I know this question has been asked a lot, but I've yet to find a solution that is in JavaScript (a lot of Java and C++) using recursion, and not new/old index splicing. This is merely an exercise and I'm not great at recursion, so any assistance and a thorough explanation would be greatly appreciated.
//given an array, shift all elements within the array forward 2 positions.
// [1, 2, 3, 4, 5] --> [4, 5, 1, 2, 3]
My first line of thought was to use a placeholder of some sort but I'm not sure what to do with it exactly. This is what I have so far
let array = [1, 2, 3, 4, 5];
function shiftTwo (arr) {
for (i=0; i<arr.length; i++) {
let curr = arr[0];
}
}
Thanks in advance!
Here is a solution using recursion:
function shiftArr(arr, n) { if (n<=0) { return arr; } else{ arr.unshift(arr.pop()); return shiftArr(arr,n-1) } } //test: console.log(shiftArr([1, 2, 3, 4, 5],2)); // [4, 5, 1, 2, 3]

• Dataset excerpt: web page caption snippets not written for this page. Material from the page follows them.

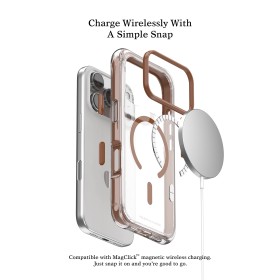 Funda PULOKA iPhone 17 Transparente Antigolpes con MagSafe (Borde de Color) Naranja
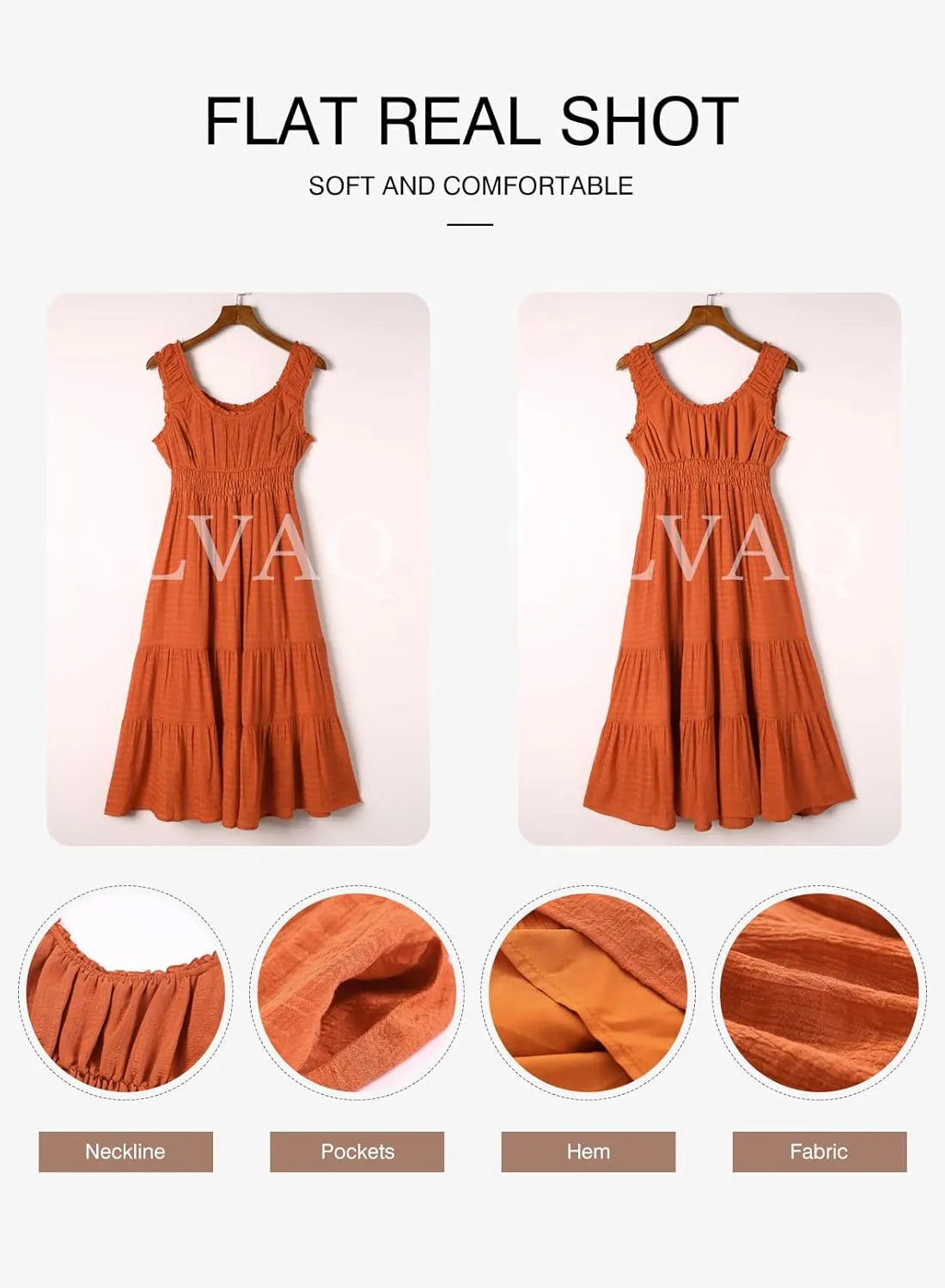 AlvaQ Women Summer Dresses Sleeveless Smocked Midi Dress High Waist Casual Tiered A Line Sundress with Pockets
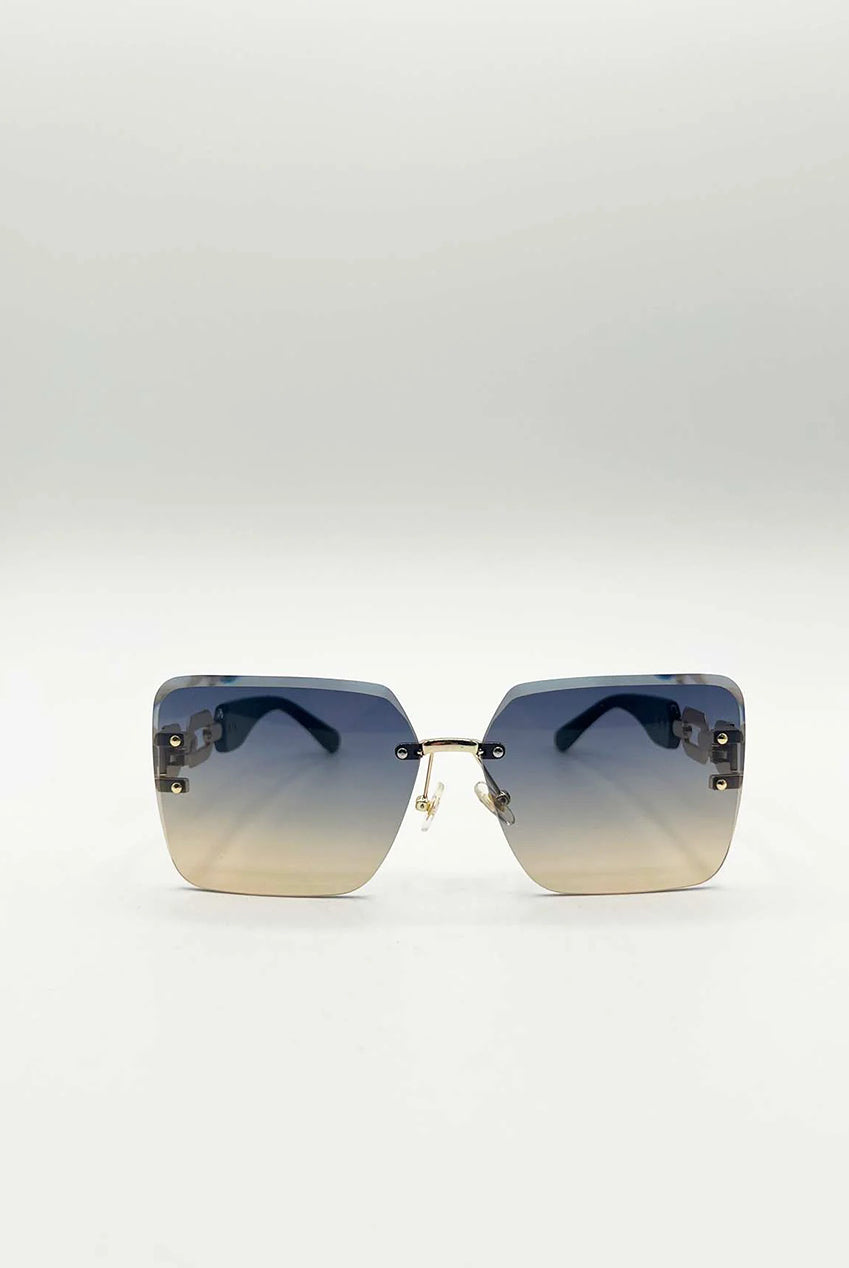 Rimless Oversized Square Sunglassses In Navy Gold SG2501020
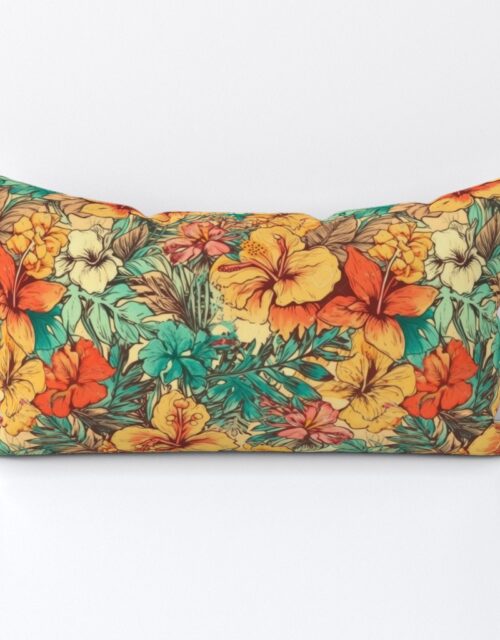 Soft Vintage Hawaiian Hibiscus Watercolor in Coral Orange Lumbar Throw Pillow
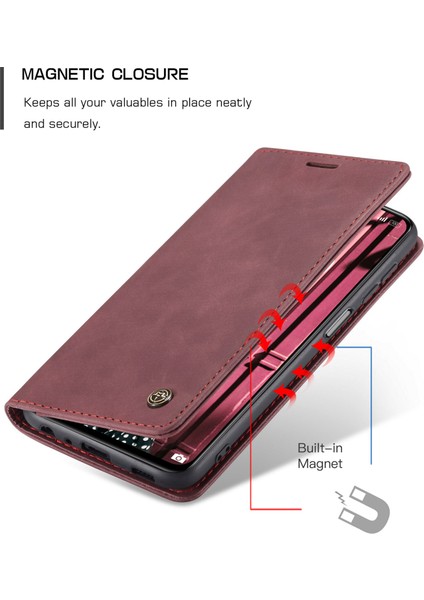 Basit Tasarım Otomatik Varma Deri Cüzdan Stand Standı Kılıfı Xiaomi Redmi Not 10 4g/not 10S/POCO M5S 4g-Kırmızı (Yurt Dışından) fiyatları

One possibility is to recur on the number of spaces to move. If it's 0, return the array intact (or possibly clone it with arr.slice(0)
); otherwise, shift the last entry to the front and recur with one less. The code might look like this:
const shiftRight = (n, arr) => n <= 0 ? arr : shiftRight (n - 1, [...arr.slice(-1), ...arr.slice(0, -1)]) console .log (shiftRight (2, [1, 2, 3, 4, 5]))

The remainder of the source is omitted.